CUDA Kernel self-suspension ? Can a CUDA Kernel conditionally suspend its execution ?

Thanks for taking the time to explain this in more detail, I see your point, it is cumbersome to always include the arrive in the sync. I think that you could probably avoid the problem of requiring all consumers to wait for all other consumers by using multiple barriers, one for each consumer, but it is much more complex (and probably slower) than it needs to be.

However, implementing signaling mechanisms like this in hardware is actually very hard, and there are a few subtle issues that make what you are asking for difficult to fix. Specifically, there is the problem of deciding when to reset the barrier.

Let’s say that I want one producer to signal multiple consumers. The consumers wait on a barrier, and the producer eventually signals the barrier to release the consumers. This is fine, but what about the case where the producer arrives first? Should 1) only the consumers that have already arrived wait? Or 2) should the barrier remember the signal until a certain number of consumers have blocked?

I think that the first case requires programmers to either ensure that this never happens (which means ensuring that all consumers wait for the producer), or issue the signal multiple times until all consumers have finished, which seems even more complex than the current implementation. The second case is what the current implementation of bar.sync/bar.arrive tries to enable.

Convincing someone to change this would probably require a solution to this problem that is relatively easy to implement in hardware.

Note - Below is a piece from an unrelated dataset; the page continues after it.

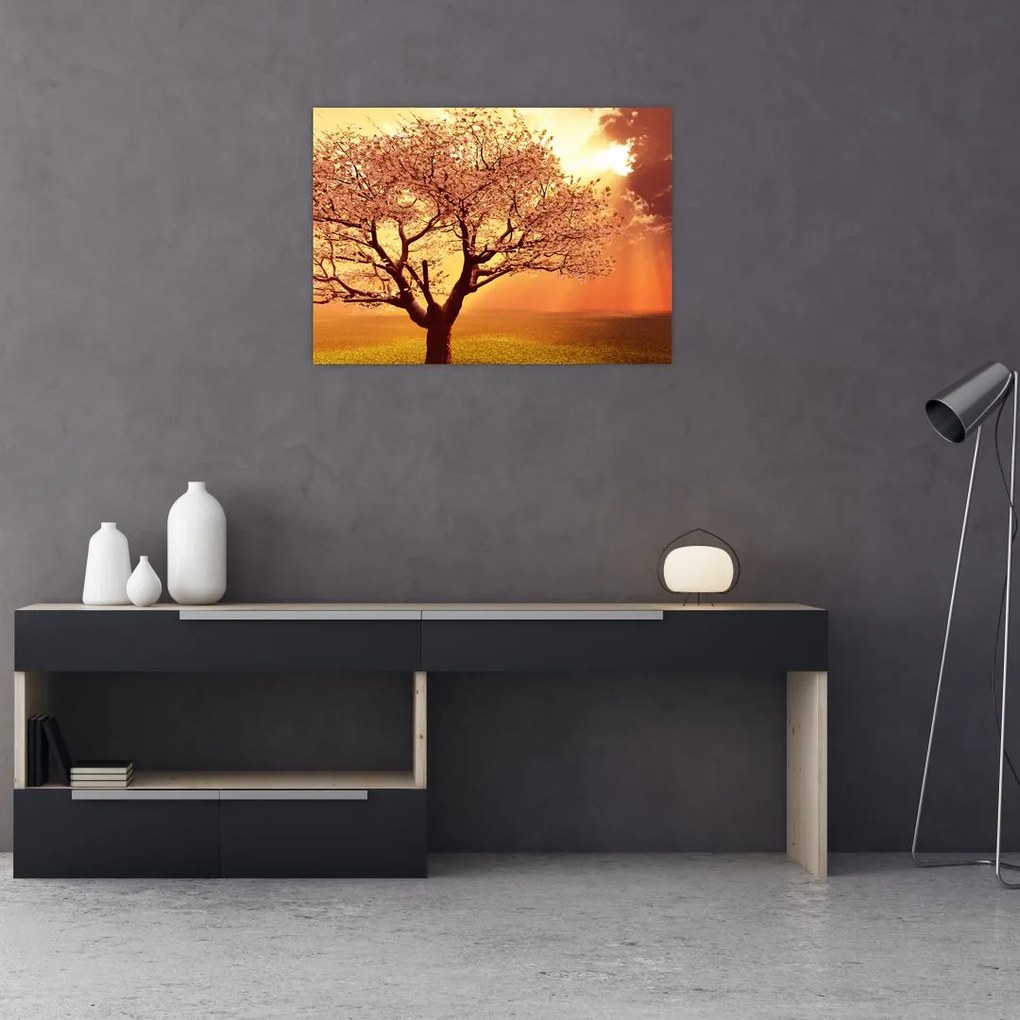 Tablou cu razele lui Dumnezeu (70x50 cm)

The best solution that I can come up with is separating the arrival count into blocking and non-blocking sets (so consumers wait until the blocking set is incremented and the barrier is reset when the non-blocking set is incremented), but this seems complicated and unwieldy as it would require even more new instructions. If you or anyone else has a better solution, I think that people who could actually change this would be willing to listen.

Also, I think that another reason for having a thread count in bar.sync was to allow some threads to be neither producers nor consumers, whether or not this is useful is debatable.

Sorry to intervene, but my one of my pet projects, cuqu, does just this. It provides a templated CUDA queue, where host and device can exchange ‘data structures’. Basically a user-friendly wrapper around a chunk of pinned-memory.

davide

I remember tmurray saying “Dont attempt such things… Bad things lie down that path…” when somebody was trying to implement CPU-GPU memory sharing … Check this URL - http://forums.nvidia.com/index.php?showtopic=190368

But that has not stopped people from experimenting with it…I have seen at least 1 GTC Poster co-authored by NVIDIA employee on this…
But tim never replied when I brought this to notice…

So, Whatever you are trying – Just keep this in mind… If a failure looks odd, You may want to re-think about your foundation.

Thanks for the link, I’ve been rolling my own versions of this, but it would be nice to have a library…

The belated disposition of this response is brought to you by the people who actually pay me to program their computer systems, most of whom, strangely enough, want their software written in a timely manner. External Image However, now that I have some available time again, I thought I’d get back to this discussion, because it has been fairly interesting.

Greg, you’ve made an excellent point, and one which, I have to admit, didn’t really occur to me until I read your post. I was thinking of the whole problem from a strictly end-user perspective. Not usually a bad thing, in and of itself, but in this particular case, as you’ve pointed out, there may be some non-trivial implementation issues involved.

So I thought about it, and then I thought about it some more. I’m not a hardware person, I’m a software person. So I obviously can’t explain how it can work in hardware. What I can do is attempt to explain how I see it working, both internally and externally, from a purely software perspective.

To begin with, and to make a long story short, I see the parameters of the problem as this:

  1. The syntax of both the bar.arrive and bar.sync instructions should not change.

  2. The bar.arrive instruction should issue an “arrival” signal to exactly as many bar.sync instructions as are specified in its thread count parameter.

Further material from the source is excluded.